Convoys of men on mopeds circled the Lebanese capital of Beirut, gunfire echoed through several neighbourhoods around the country and tents in the south were pulled down and set on fire.

On Monday night, it seemed as though the gathering momentum of Lebanon’s month-long protest had finally hit the most worrying roadblock in its demand for a competent, non-sectarian government – Hezbollah and its arms.

But protesters picked up the pieces on Tuesday and while the mood was more muted than it has been in recent days, it was far from defeated.

Since October 17, near-daily rallies have paralysed Lebanon, eventually forcing Prime Minister Saad Hariri to announce his resignation on October 29, collapsing government.

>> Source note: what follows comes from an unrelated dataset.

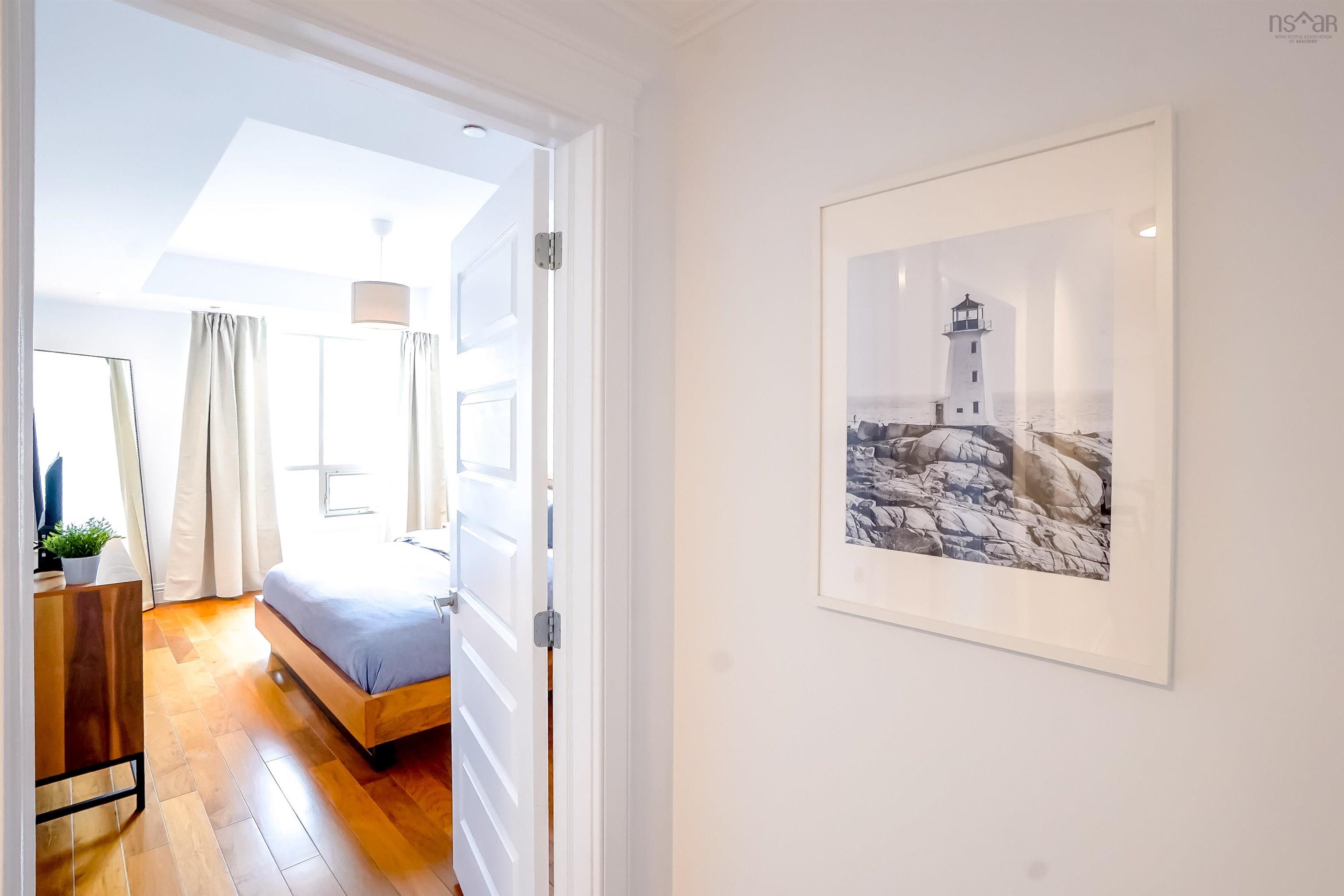 $915,000.00: 1002 1445 South Park Street, Halifax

Since then, politicians have been deadlocked and there remains no sign of a new administration – either one representing the political parties, as sought by many of parliament’s blocs, or the non-political leadership demanded by the streets.

In mid-October, Hezbollah leader Hassan Nasrallah warned that if he orders his supporters to mobilise they would not leave without results. His comments were both an attempt to belittle the mass rallies that have regularly gathered tens or hundreds of thousands in a country of just 4.5 million but also a warning that Hezbollah too could show the strength of its popular support.

While Monday’s actions – just the latest by Hezbollah and its allied Amal Movement – stopped short of a mass Hezbollah mobilisation, they are an attempt to sectarianize a broadly non-sectarian movement.

Sami Nader, the Director of Levant Institute for Strategic Affairs in Beirut, told The National that the incident was not a counter-revolution but a way to reframe the protests in terms that Lebanese leaders have long used.

“It’s like a systematic attempt to drag the revolution onto the sectarian turf because it’s obvious that a revolution that doesn’t carry any political slogan or any sectarian slogans was a huge challenge for them [Hezbollah and politicians] to deal with,” he said.

For decades, before and after the 1975-1990 civil war, much of the political debate in Lebanon has been framed around confession and sect. Each party maintains support by playing the role of protectors of their respective faith.

“The current forces including Hezbollah [want to bend the] curve to where they can be masters of the game and play on the sectarian feeling that ‘we are threatened and we must defend the Shiite rights,’” Mr Nader said.

But the current protests have rejected the well-trodden verse and are demanding a new Lebanon.

Mr Nader said he was confident the latest incidents would not derail the movement.

“This will boost the revolution, it will not back down,” he said. “Most of the people who are on the streets don’t have anything to lose and they are claiming their right.”

Farah Merhi, an accountant in Beirut, had her car set ablaze in Monday night’s chaos. But on Tuesday, she took to social media to share a picture of herself smiling through the burned wreckage. “You burnt my car,” she wrote. “But you will never burn my smile… this too shall pass.”